(a) Annual recalculation. An approved PEO must recalculate
its deposit required every year, not later than 60 days after negotiating
the plan's stop-loss insurance agreement for the current plan year,
using the formula stated in §13.562(b) of this title (relating
to Deposit or Letter of Credit Required).
(b) Changes to deposit.
(1) An approved PEO may request to change its deposit
by submitting both the Statutory Deposit Transaction Form, Form No.
FIN407 (rev.1115), and the Declaration of Trust Form, Form No.
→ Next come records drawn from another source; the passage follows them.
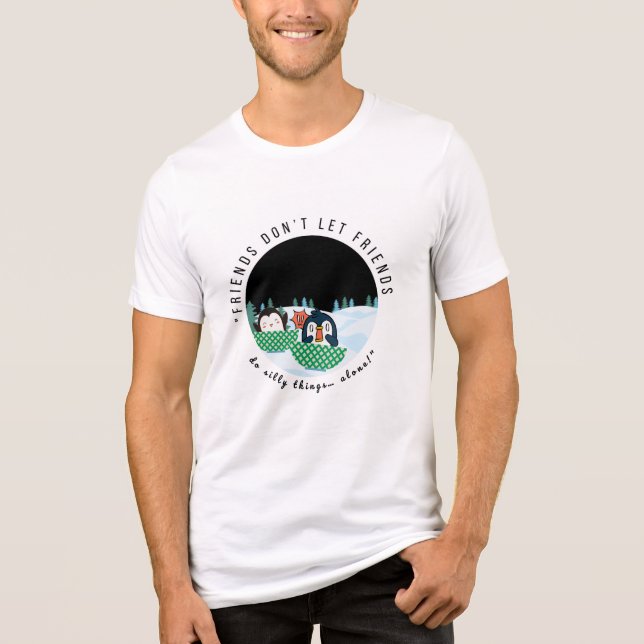 "Snö mycket roligt, tillsammans!" T Shirt (Framsida)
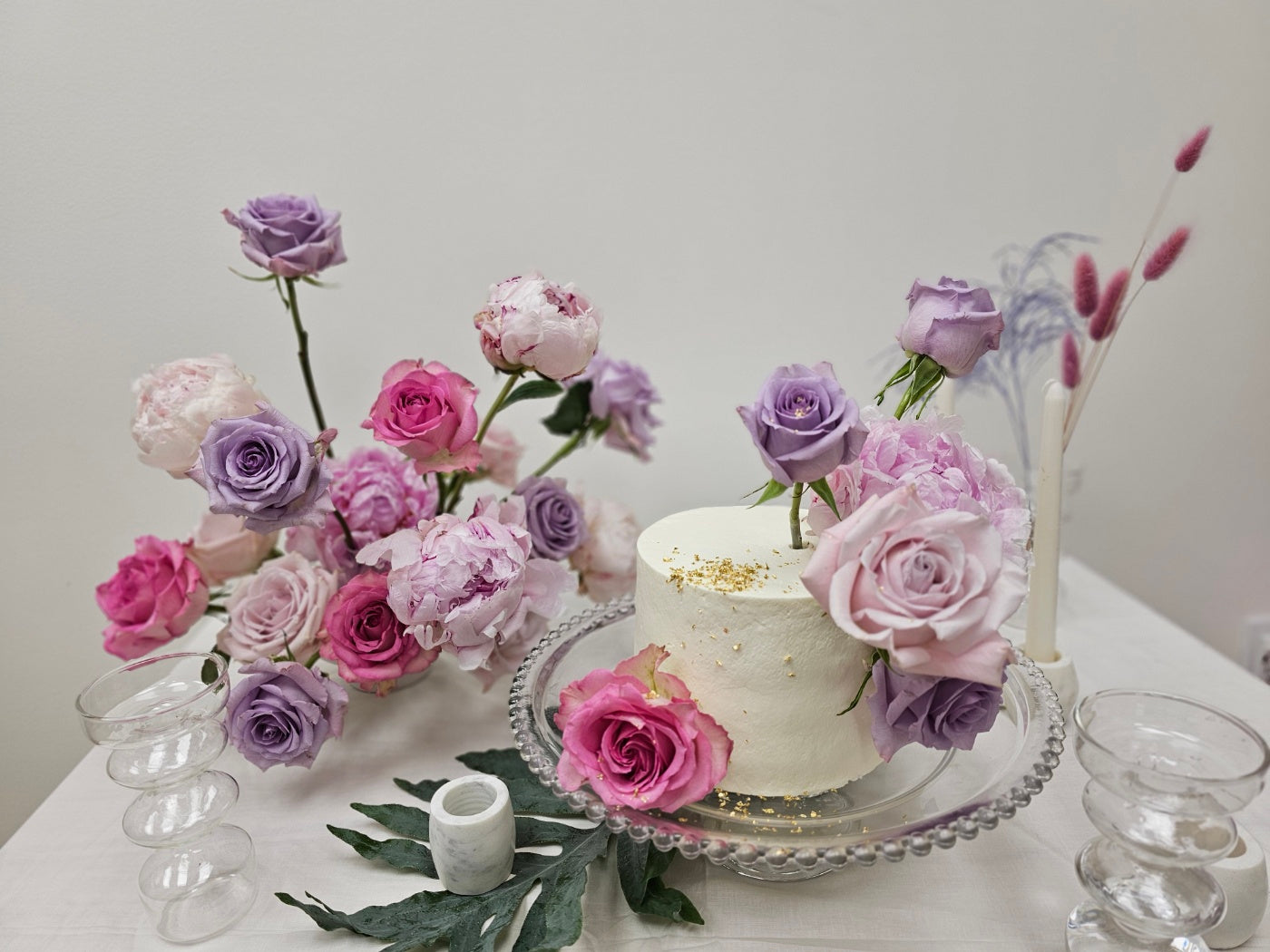 cake set - rose & pp ( DM for detail )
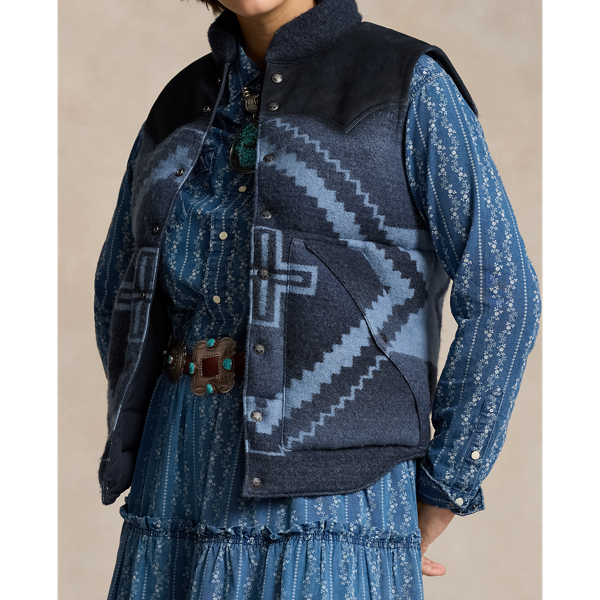 Denim Dazzlin Darlin PRL x Naiomi Glasses Down Gilet Polo Ralph Lauren 9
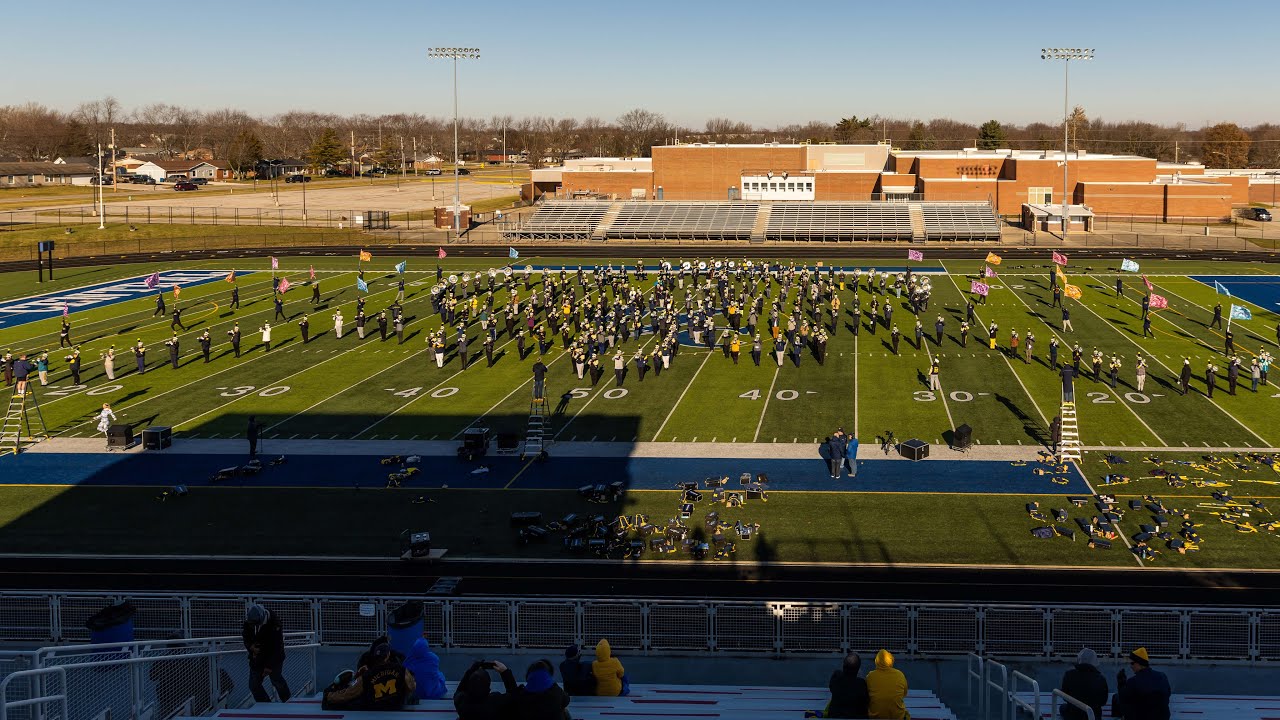 ReliaQuest Bowl Rehearsal - Clearwater High School - Dec. 29, 2024 - Michigan Marching Band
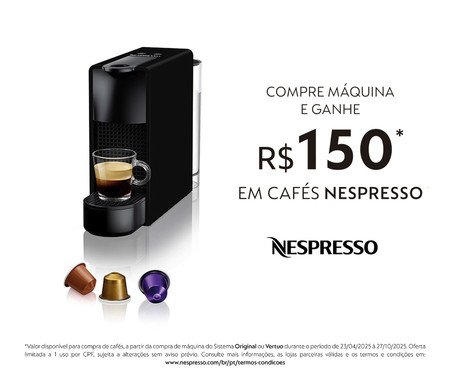 Cafeteira Nespresso Essenza Mini C30 Preta - 110V | Westwing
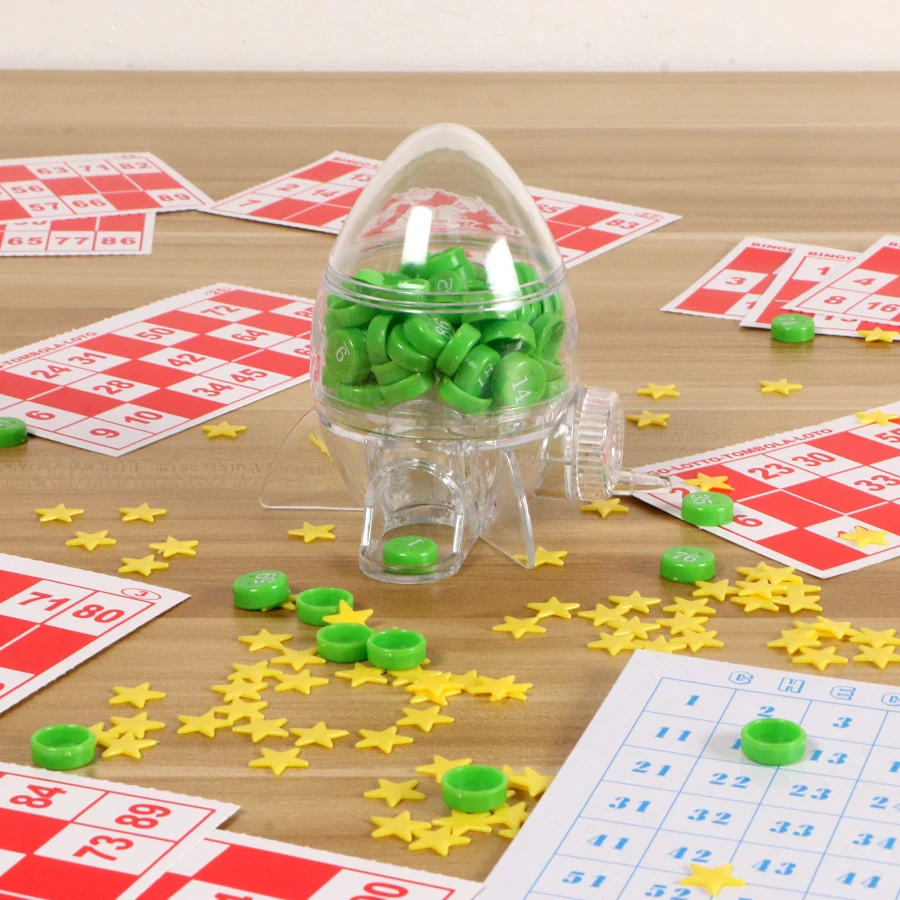 LOTTO Bingo Draw Machine Lottery Board Game Tombola Machine For Children Family Interactive game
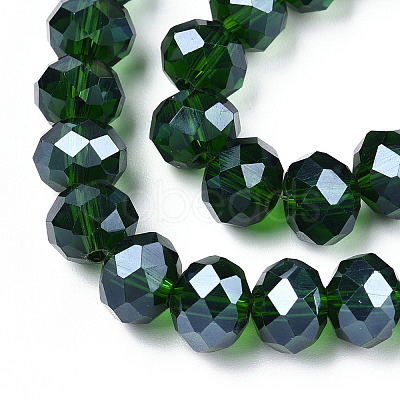 Electroplate Glass Beads Strands EGLA-A044-T2mm-A24-1
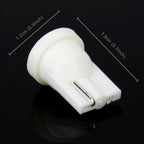 10 PCS T10/W5W/194/501/168 0.4W 20LM 6500K COB Bulbs Car Reading Lamp Clearance Light, DC 12V, Ice Blue Light, White Light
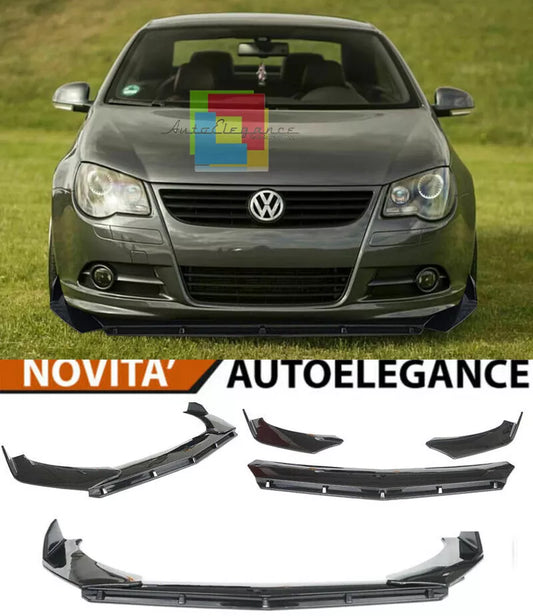 VW EOS Divisore Paraurti Nero Aspetto Lucido RS - 3P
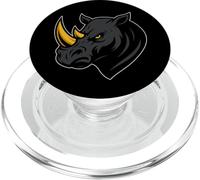Rhino Head Power Graphic Strong Jungle Art PopSockets PopGrip per MagSafe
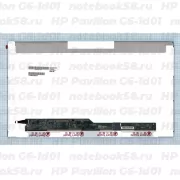 Матрица для ноутбука HP Pavilion G6-1d01 (1366x768 HD) TN, 40pin, Матовая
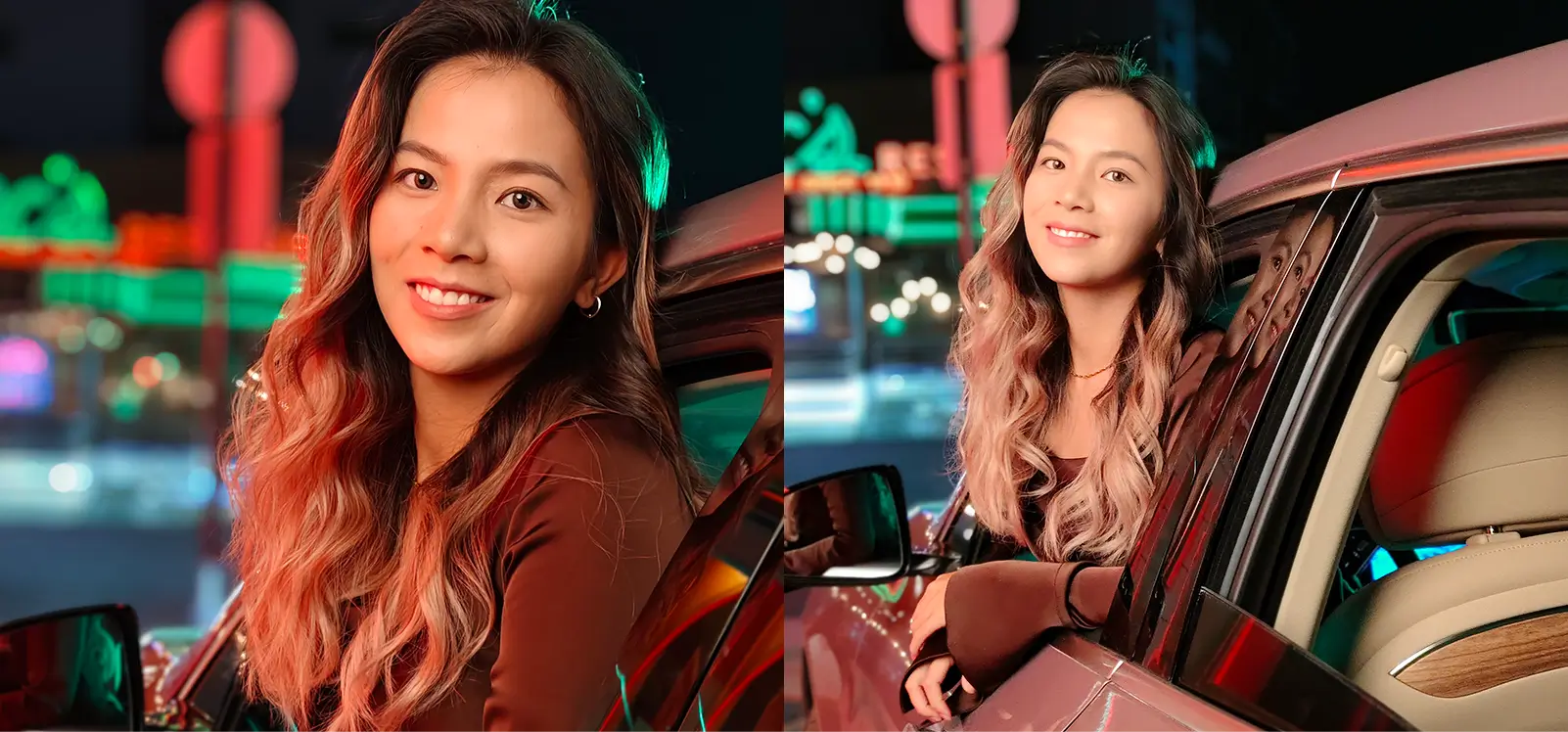 close up portraits by vivo V30 with distance-sensitive lighting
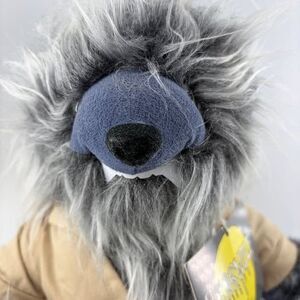 Rare VTG. 1986 North American Bear Co. V.I.M. 16” Bearwolf Plush Stuffed Animal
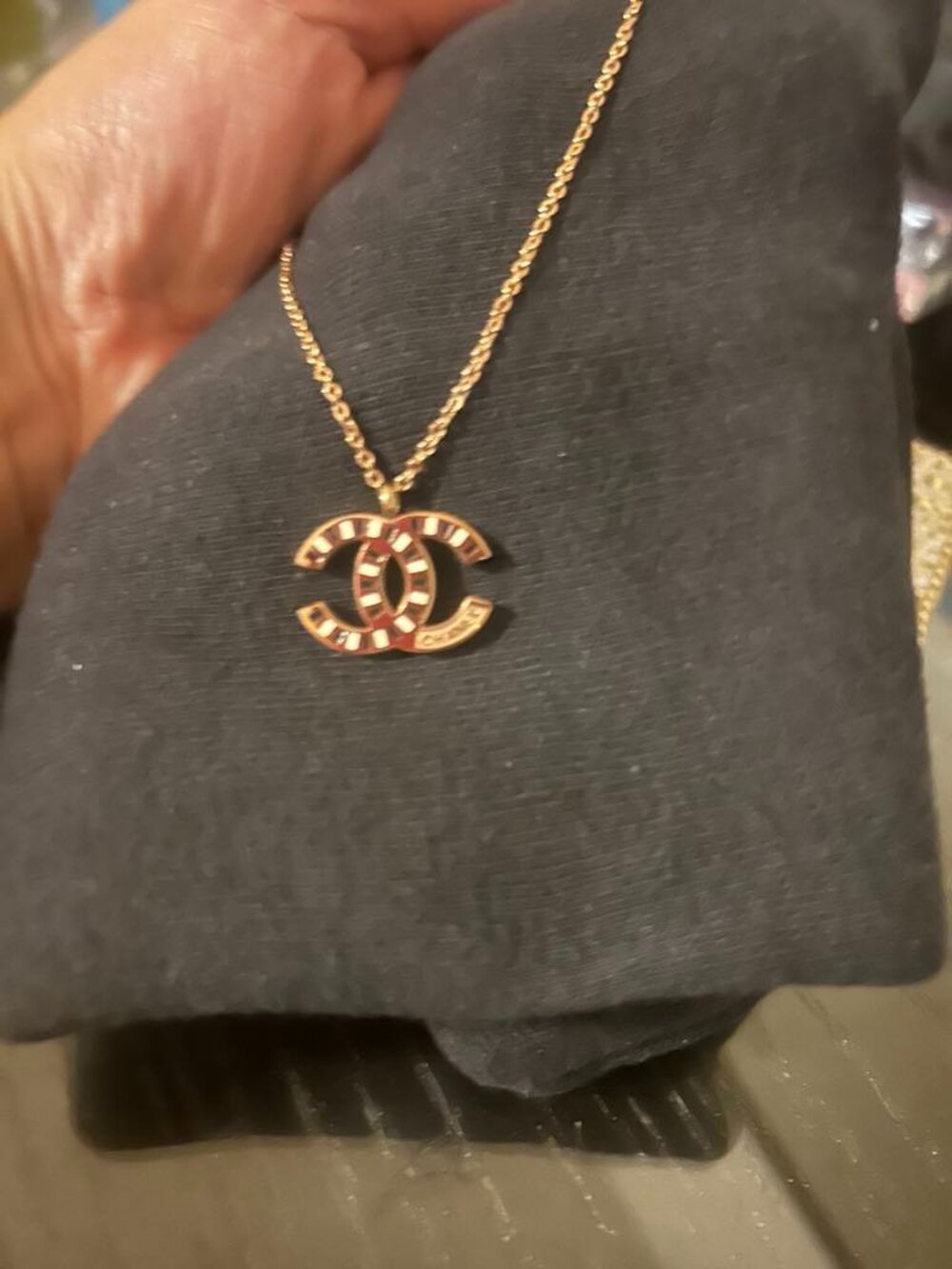 Fashion Design Gold-Tone C Letter Necklace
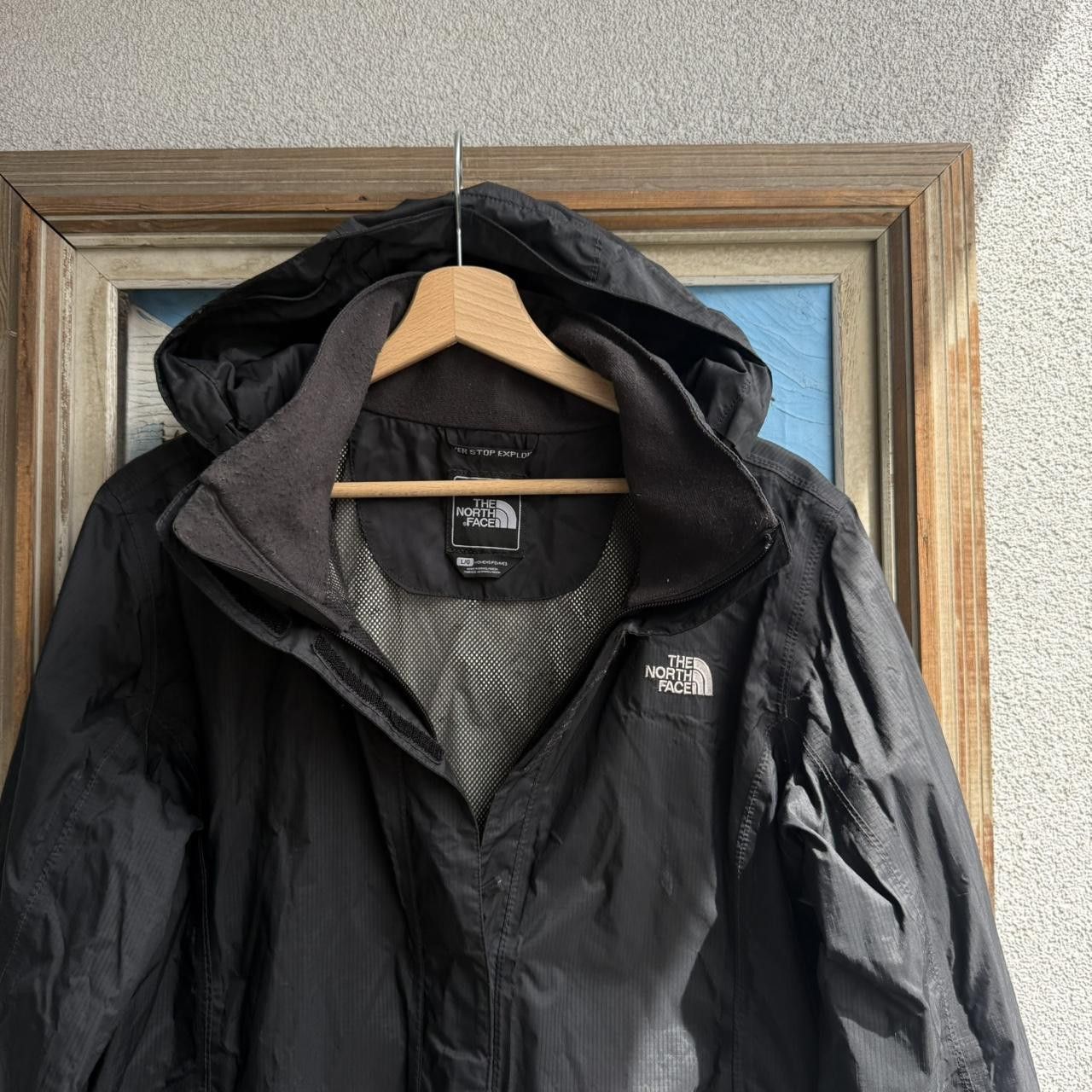 The North Face The North Face TNF Jacket Black Hooded Size L / US 10 / IT 46 - 3 Thumbnail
FIN453
(rev.1115), and must submit a safekeeping receipt showing that the
securities are pledged to TDI.
(2) If the commissioner approves the release of any
portion of a deposit, TDI's bond and securities officer will execute
a release of any pledge, and the funds will be returned to the approved
PEO.
(3) An approved PEO that requests a release of any
part of its deposit because the deposit amount exceeds the amount
calculated under §13.562(b) of this title must provide supporting
documentation that justifies the release, including:
(A) the reasons for the release; and
(B) evidence satisfactory to the commissioner that
its deposit exceeds the amount required in §13.562(b) of this
title.
(4) All interest income due on its deposit funds may
be paid directly to the approved PEO by the bank.